Feitelijke constatering twee: als jezelf, je ouders of grootouders van elders naar Nederland gekomen zijn, dan heb je niet dezelfde mogelijkheden als iemand bij wie dat wel het geval is. Als nieuwkomer mis ontbreekt het je aan kennis van de samenleving waar te naartoe migreert. Maar belangrijker dan het ontbreken van die kennis is het ontbreken van kennissen. Je mist een netwerk waardoor het zeer lastig wordt om een plek te vinden die bij je capaciteiten past. Dat laatste heb ik in een eerdere prikker ‘nieuwkomers nadeel’ genoemd. Het gebrek aan kennis is daarbij makkelijker op te lossen dan het gebrek aan die kennissen. Het ‘opklimmen in de rangen’ na migratie kost meerdere generaties tijd

Dan de vierde feitelijke constatering het feit dat Nederland koloniën had. Een feit dat niet is te ontkennen. Het woord kolonie kent een oud Griekse geschiedenis. Werd het te druk in een stad of gebied, dan trok een deel van de inwoners weg naar een leeg stuk land en stichtte daar een onafhankelijke ‘zusterstad’. Als er tegenwoordig over koloniaal verleden wordt gesproken, dan wordt vooral de periode na 1500 waarin Europa economisch en militair de wereld steeds meer ging overheersen[1]. Het streven naar een zo groot mogelijk rijk, was echter niets nieuws. Het enige nieuwe eraan was dat het op wereldschaal gebeurde. De diverse Chinese dynastieën, de Perzen, het Egypte van de farao’s, de Romein, de Magadha, de Olmeken, Inca’s, Azteken, het Islamitische rijk, de Mongoolse horden, allemaal streefden ze naar ‘werelddominantie’ in de hun bekende wereld. Dat Mongoolse rijk wordt qua omvang in de geschiedenis trouwens alleen overtroffen door het Britse Rijk. Tot de Russische inval in Oekraïne waren velen ervan overtuigd dat het veroveren van gebieden tot het verleden behoorde. Wat niet wil zeggen dat het streven naar ‘werelddominantie’ en als je die hebt het behoud ervan, tot het verleden behoort.
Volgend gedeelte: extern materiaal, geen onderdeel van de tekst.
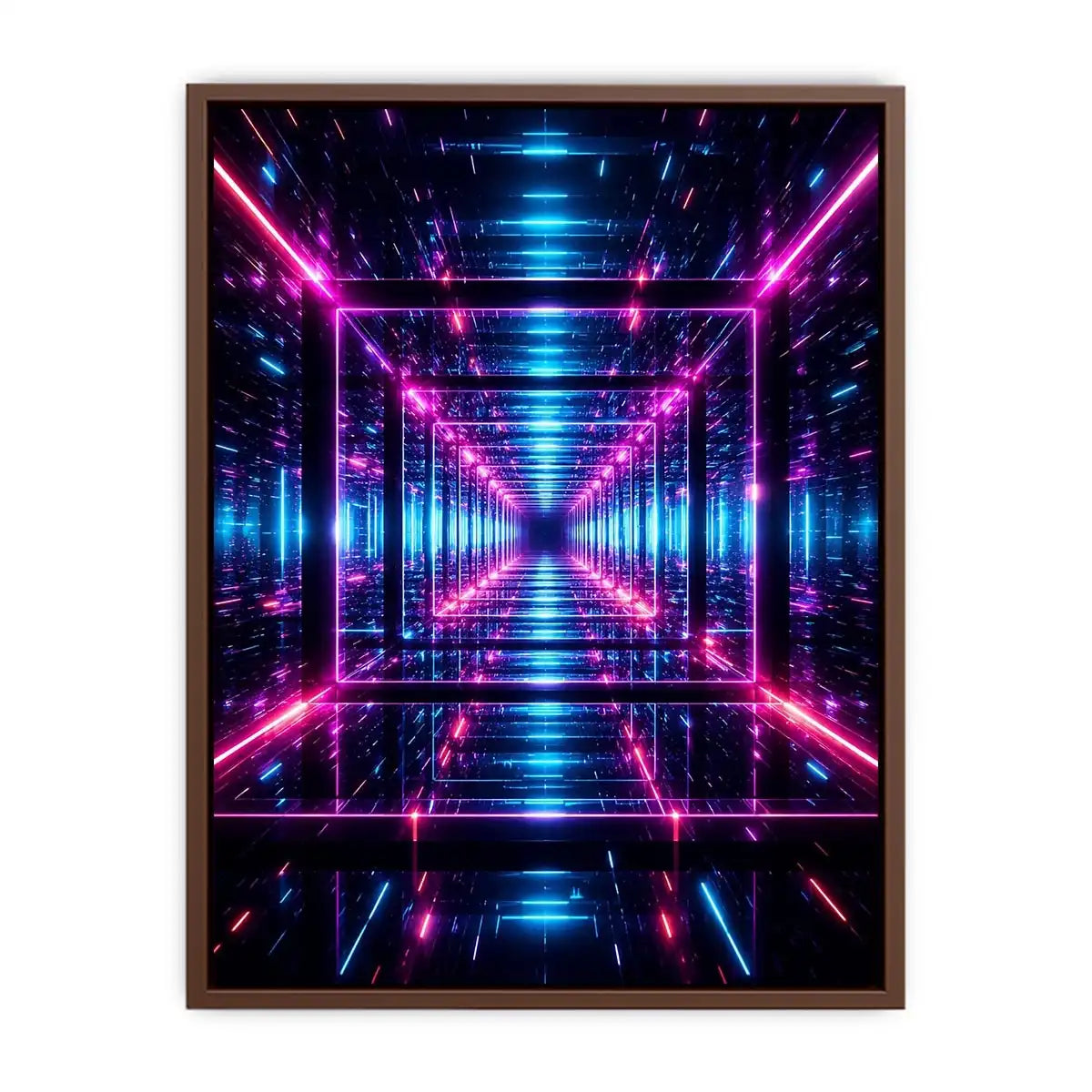   futuristic neon geometric canvas gaming room
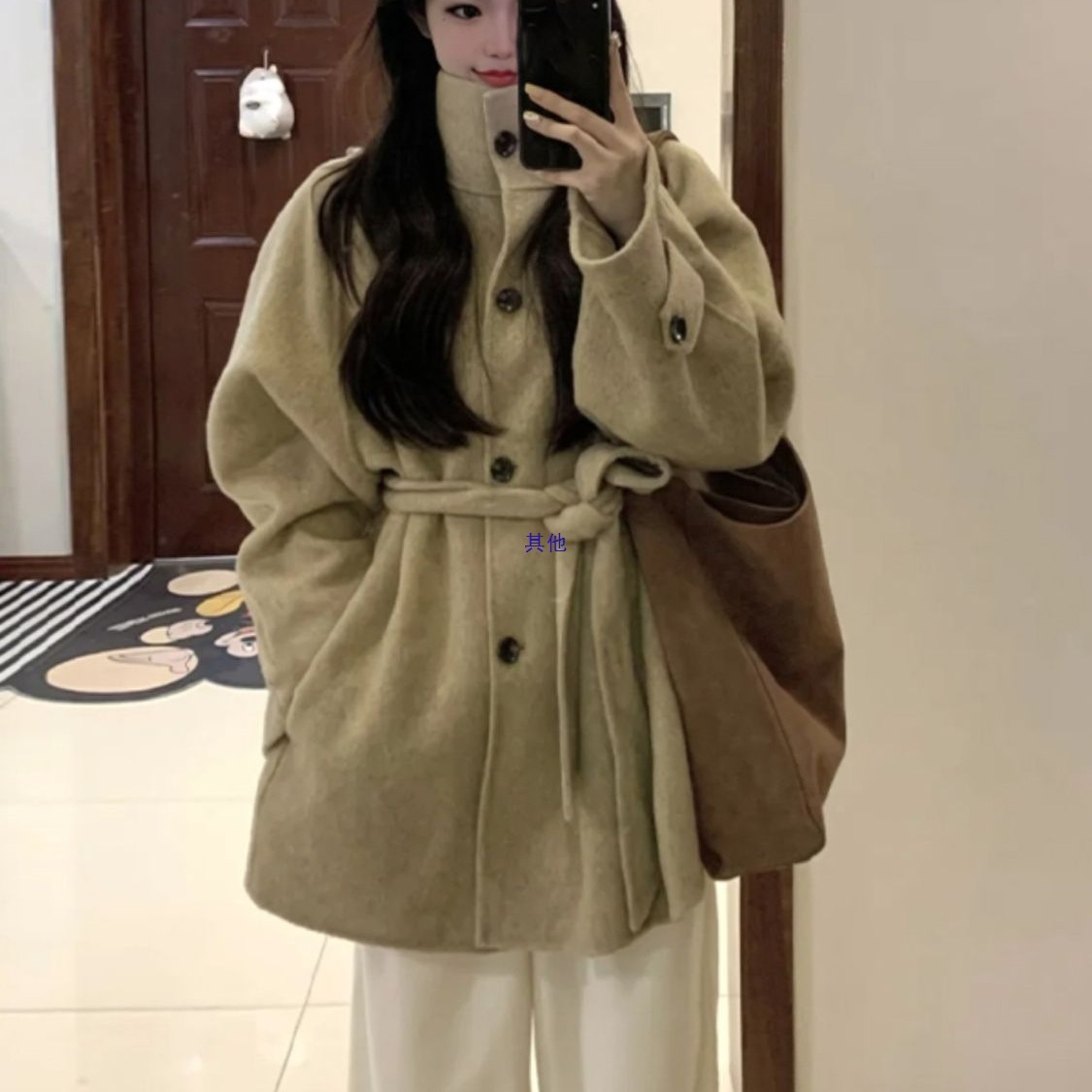 立领双面毛呢外套女秋冬新款超好看复古韩版加厚收腰气质呢子大衣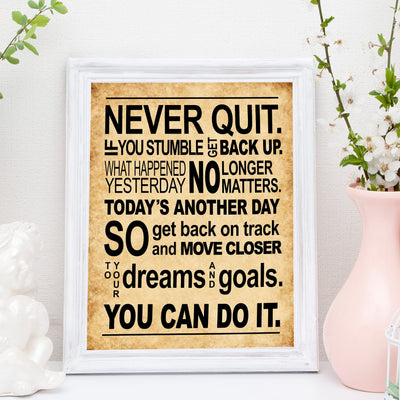 Never Quit-Get Back Up Motivational Quotes Wall Art Sign -11 x 14" Inspirational Exercise and Fitness Poster Print -Ready to Frame. Perfect Home-Gym-Weight Room Decor. Great Gift of Motivation!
Als vijfde het feit dat slavernij is eeuwenlang een algemeen aanvaard maatschappelijk gebruik was. Wat hierbij onder invloed van het christendom en de islam ook geleidelijk algemeen gebruik werd, was dat je geloofsgenoten niet tot slaaf mocht maken. Algemeen aanvaard maar niet door iedereen. Vanaf het midden van de achttiende en versneld in de negentiende eeuw komt daar verandering in. Een bijzondere periode in de West-Europese geschiedenis. Bijzonder omdat heel veel zaken die tot de mores in vroeger eeuwen behoorden, ter discussie werden gesteld. Het is de periode dat Adam Smith zijn Theory of Moral Sentiment waarin hij de emoties en hoe die zich tot elkaar verhouden onderzocht en het beroemdste The Wealth of Nations waarin hij de economische ontwikkeling beschrijft. Met daarin de beroemde passage van de onzichtbare hand. De tijd waarin Immanuel Kant zijn drie ‘kritieken’ schreef[2] en Zum ewigen Frieden. Het tijdperk van de Verlichting, door diezelfde Kant omschreven als: “het uittreden van de mens uit zijn onmondigheid waaraan hij zelf schuldig is. Onmondigheid is het onvermogen gebruik te maken van zijn verstand zonder leiding van een ander. Aan deze onmondigheid is men zelf schuldig wanneer de oorzaak ervan niet ligt in gebrek aan verstand maar ligt in het gebrek aan beslissing en moed het verstand te gebruiken zonder leiding van een ander. ‘Sapere aude!’: ‘Heb de moed te weten’ (d.i. gebruik te maken van uw eigen verstand), is derhalve het devies van de Verlichting’.[3] De leiding van de ander waar de mens het zonder zou moeten doen, betrof vooral de religieuze dogma’s.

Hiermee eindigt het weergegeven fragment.